Your connection is supported by Sonic Telecom and it retains the
right to cancel the service before or after installation at its sole discretion
at any time. Although pre-qualification provides a good measure of certainty
regarding Service availability, it is not a guarantee.
Fusion Broadband is a best-effort service and circuit uptime is
not guaranteed. The Fusion Broadband Services does not include a provision for
credits for any down time. If you need a connection with a Service Level
Agreement (SLA) that defines procedures and credits for down time, please
contact us about alternative services that may be available to you such as T1,
dedicated lines, etc.
Your Internet connectivity speed will vary depending on the plan,
line capabilities (e.g., loop length, line condition, gauge of copper wire and
phone company provisioning), your distance from the local service provider's
central office, Internet congestion, the upload and download speed of your
destination server, and many other factors. The maximum speed is stated under
optimal conditions and may vary significantly. Speeds are subject to a 20%
overhead (e.g., 768k stated speed = 768k times 80% throughput = 614k actual
speed). All circuits are provisioned at the highest attainable speed rate for
their specific line and come with no minimum speed guarantees. At present,
we do not cap or limit any bandwidth or downloads, but reserve the right to
change this policy if we determine to do so, in our sole discretion, or if our
telecommunications provider imposes such limits or requests that we impose such
limits.
2. SUBSCRIBER INFORMATION AND REPRESENTATIONS.

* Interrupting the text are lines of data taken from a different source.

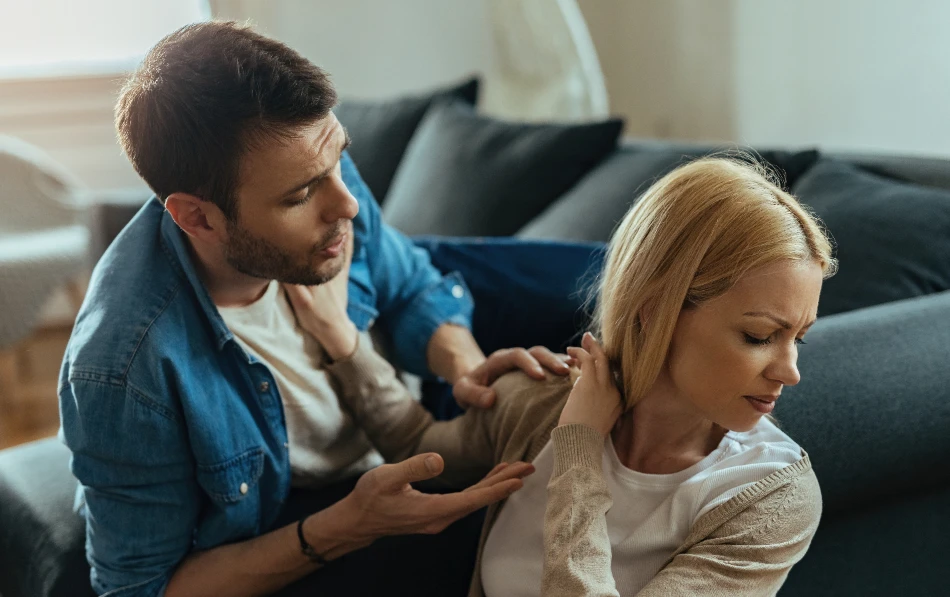 how to leave an abusive relationship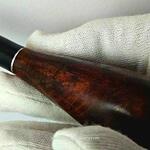 Authentic Zeppelin briar pipe from 1930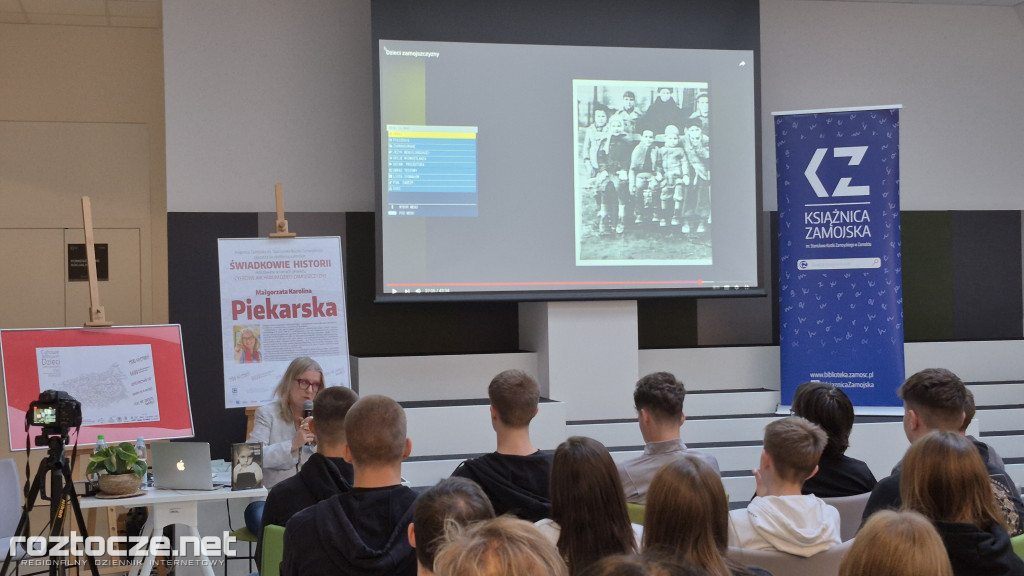 Świadkowie historii: Małgorzata Piekarska o Dzieciach Zamojszczyzny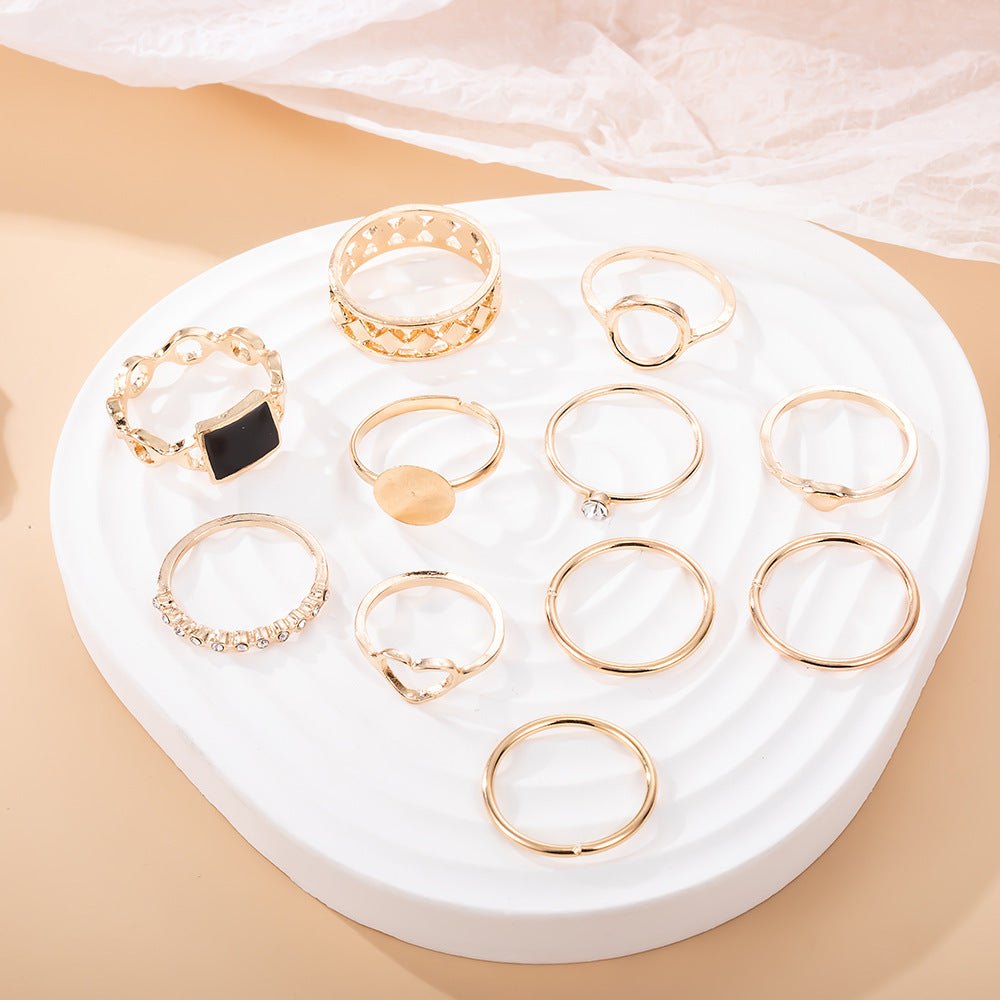 Beautiful Gold Ring with Unique Style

The Services are provided either as a 'Residential Service' or
'Business Service' depending on how it is to be used. You must choose the type
of service during the ordering process. By ordering Residential Services, you
are representing that the Services provided to you under this Agreement will
not be used substantially for business. Residential Services are intended to
be used only for personal/family use and are not to be principally used by a
business organization in its operations (although it is recognized that from
time to time individuals may use residential Services in connection with their
employment by a third party employer and such use, if not a substantial use of
the Services, shall not constitute a 'Business Service'). If at any time it is
determined by us that you are using the Residential Services as a 'Business
Service,' you will be responsible to pay additional charges and fees applicable
to those Services, including any termination charge that may apply if such
Business Services are not available.
Similarly, if you improperly order Residential Service for a
business location and this is identified, you will be liable to pay additional
fees applicable to those different services as well as potential termination
charges.
In ordering and using the Services, you represent that you are at
least eighteen (18) years of age, have the legal capacity and authority to
enter into this Agreement and affirm that any information you supply to us is correct
and complete. You understand that DSL Extreme relies on the information you
supply and that providing false or incorrect information may result in Service
delays or the suspension or termination of your Service. You agree to promptly
notify DSL Extreme whenever your relevant personal or billing information
changes, including without limitation, your name, address, telephone number,
and billing/payment account, including any applicable credit card number and/or
expiration date. Your Services may be suspended and late fees or
reconnect fees may apply if your payment account information expires.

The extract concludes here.